_Stored data_:
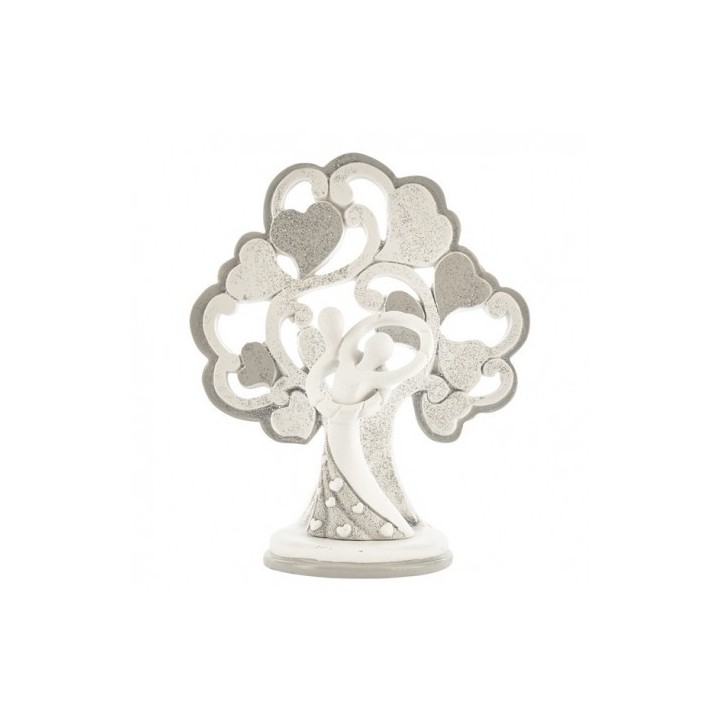 Statuina coppia di sposi con albero di cuori, 12 cm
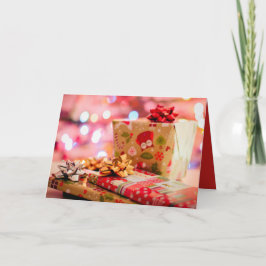 Het metaal Wenskaart van de Cadeaus van Kerstmis Feestdagen Kaart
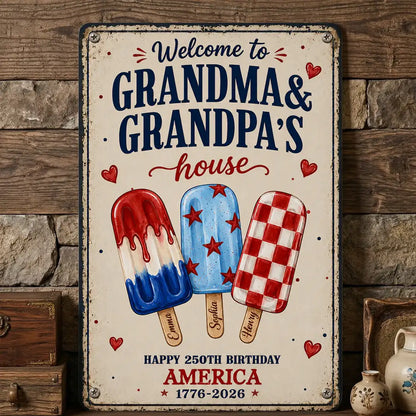 Custom Rectangular Iron Sign for Grandparents, Vintage Red & Blue Welcome Decor, Creative Family Gift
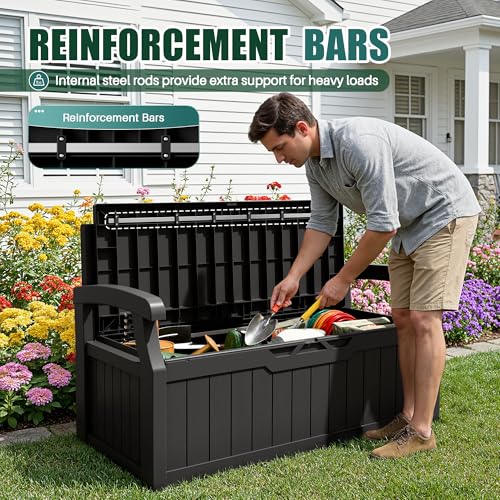 Devoko 80 Gallon Storage Bench Deck Box – Lockable Outdoor Patio Storage with Seating for Cushions, Garden Tools & Pool Supplies, Black - Image 3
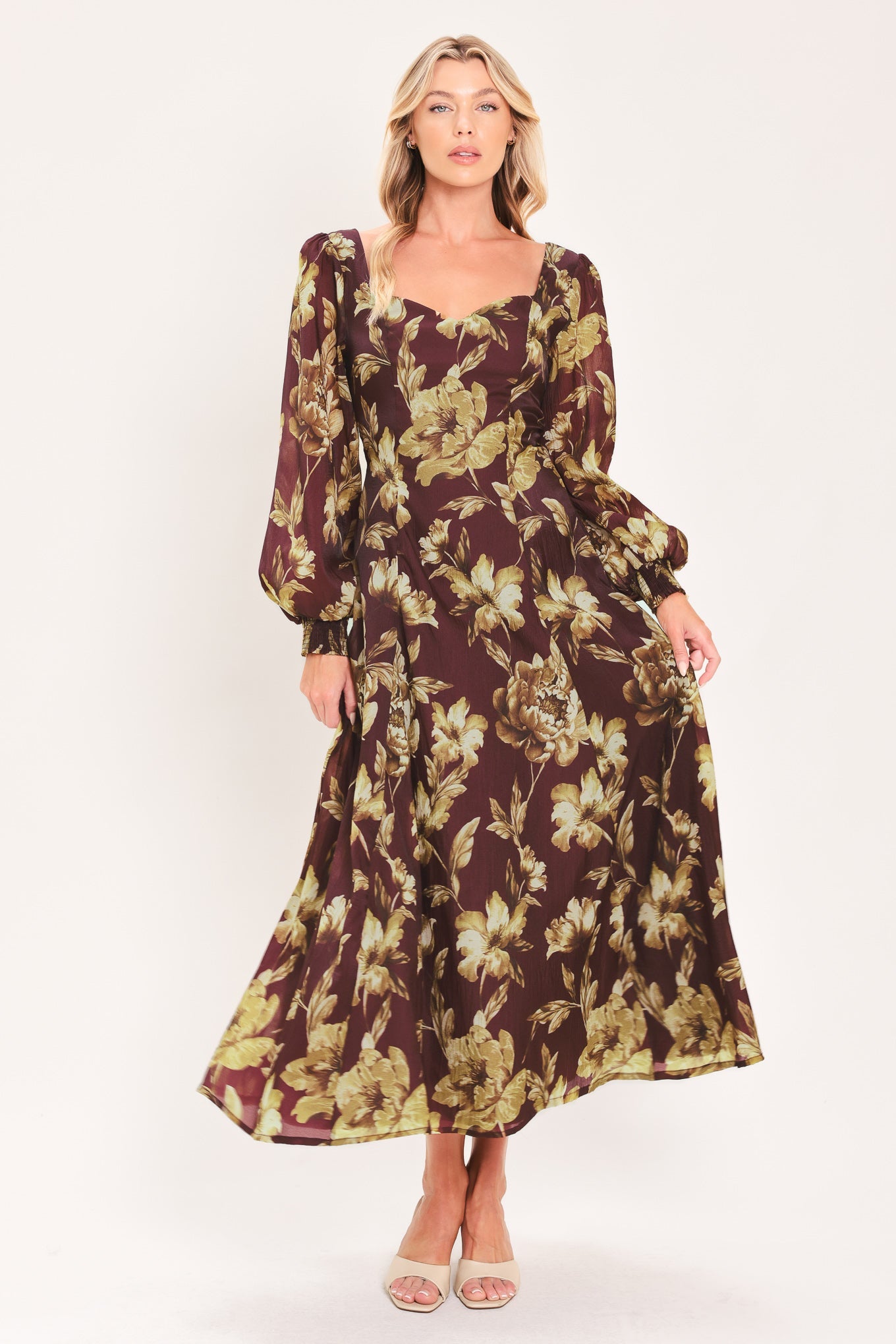 Mulberry Floral Drift Woven Midi Dress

_Task requirements_:
Print only the lines running from the line that contains "Devoko 80 Gallon" to the final line of the listing, both included. Omit every picture.

_Solution_:
 Devoko 80 Gallon Storage Bench Deck Box – Lockable Outdoor Patio Storage with Seating for Cushions, Garden Tools & Pool Supplies, Black - Image 3
 Mulberry Floral Drift Woven Midi Dress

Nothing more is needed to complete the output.